Clout Atlas

Clout Atlas: The Self and Advocacy


“Our lives are not our own. We are bound to others, past and present, and by each crime and every kindness, we birth our future.”

When I first read Vibrant Matter in class I was struck by its description of the agency of matter I thought about two things. Chemistry and my favorite novel Cloud Atlas, from which the above quote originates. It’s our unacknowledged connection to all things chemically, physically, and holistically that drives the complexity and outcomes of our world. In our collective class musings and readings we have explored everything from affect to AI, law to land use (and misuse).

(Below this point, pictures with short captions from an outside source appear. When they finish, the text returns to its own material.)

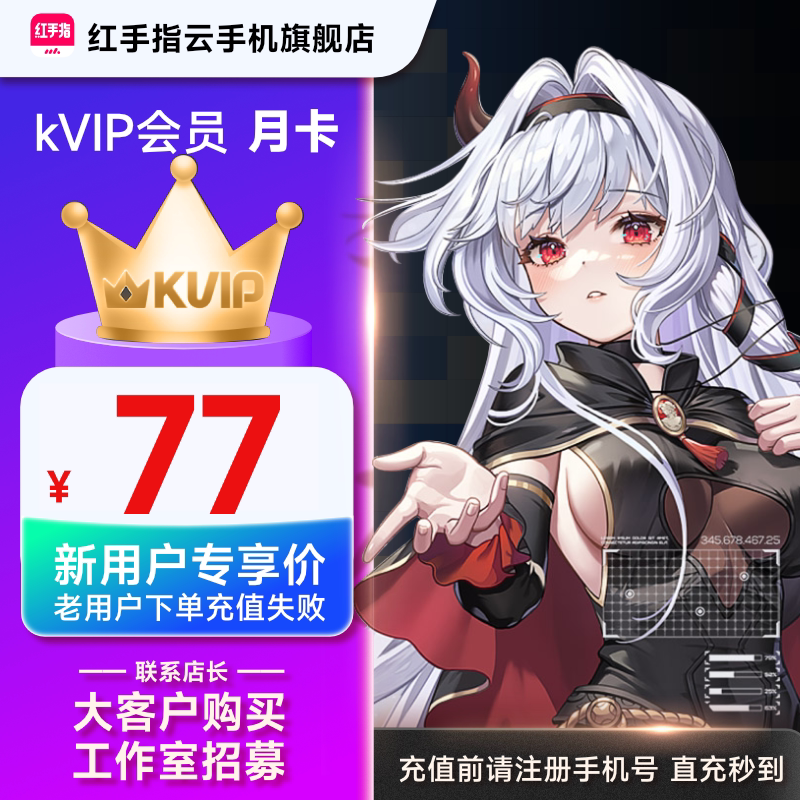Kvip 🎮云端游戏新体验!【红手指云手机KVIP】让手游更畅快🚀-网络工具-淘宝好物网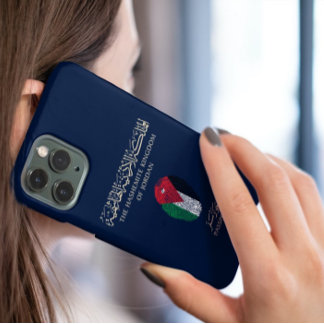 Unique Jordan Travel Passport Print Souvenir Case-Mate iPhone 14 Case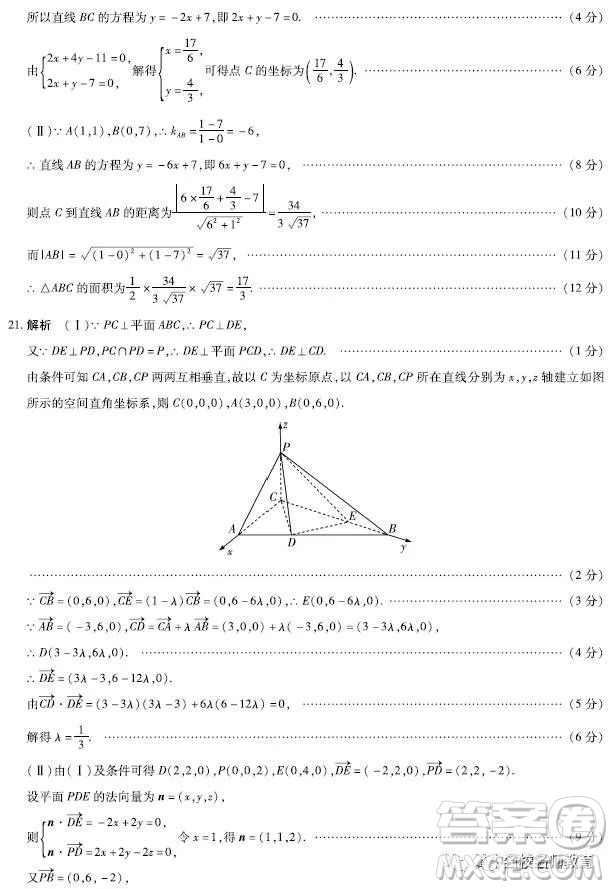 皖豫名校聯(lián)盟2022-2023學年上高二年級階段性測試一數(shù)學試題答案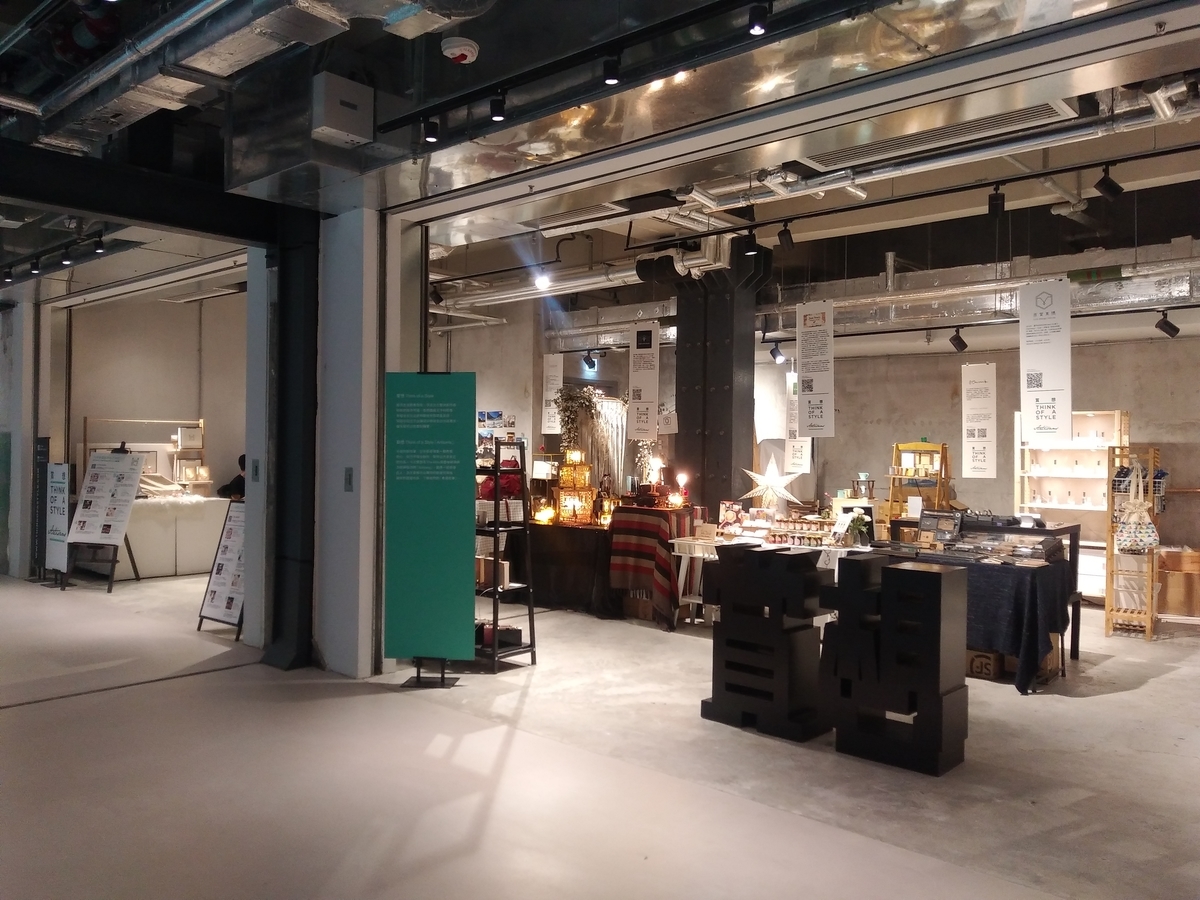 f:id:manmaru_hanako:20190419191612j:plain f:id:manmaru_hanako:20190419191612j:plain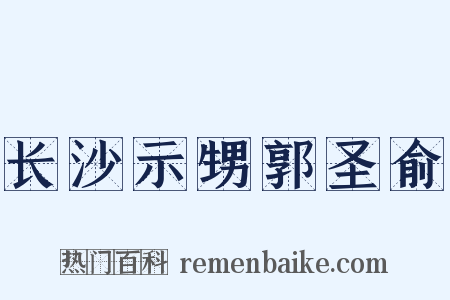 长沙示甥郭圣俞是什么意思的图片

And with every text we delve deeper into seeing that nothing ever really ends. Things can be created, things can be changed, things can be forgotten, but nothing is ever gone. Whether it’s nuclear waste, agricultural run off, or a lost life, everything has consequences.

Growing up both my parents were chemists, and their work and exposure to the scientific world really gave me one of the first lenses with which I saw the world. Take your kid to work day was just me going into laboratories and eating liquid nitrogen cooled ice cream (which is awesome). Yet it also shaped my relationship to the world as something that could be examined, discovered, broken down, and combined to form amazing things (like ice cream). And with that mentality, it bred in me a flame of wonder and optimism that I couldn’t get rid of even if I tried, and believe me I’ve tried.

Science Enthusiast!

Sometimes it seems a little insane really, to want to believe that there is some light in the darkness. Especially when it seems humanity seems keen on turning off the lights on ourselves. But this lovely insanity is the same reason I loved Cloud Atlas so much, a book about the connection of people, places, and resources throughout time and how their actions shaped the world around them in both positive and destructive ways. And many times, in our lives, we try to maximize the amount of positive change we can make. Very few people want to actively destroy the world, but how much can we as individuals actually shape it? And before we even chart our paths, how do we know what exactly we should focus our efforts on?

The Surveyor’s Dilemma

Information is abundant to the point of inundation, and with that inundation comes a tendency for desensitization. Things we know may be important, or horrible, or anywhere in between that are happening anywhere in the world (and many times even in our own “backyard”) are glossed over. It’s not that these stories or issues don’t invoke sympathy, anger, sadness, intrigue, debate, or empathy (articles, texts, and documentaries are often very well crafted); it’s that there is so many coming from all directions that we personally feel helpless to do anything at all.


I’ve felt this plenty of times, a lot of purpose but not much direction, and as the days go by and life goes on, you forget. It’s natural, no need to be ashamed, it happens to all of us because no one can focus on everything going on all the time. The intensity of passion for cause or movement or issue usually dwindles when its lack of traction, or immense opposition, becomes disheartening and you focus your efforts on what you can control. But also know, as my favorite Canadian rapper Shad once dropped in a verse, “Getting mad ain’t the same thing as getting involved.”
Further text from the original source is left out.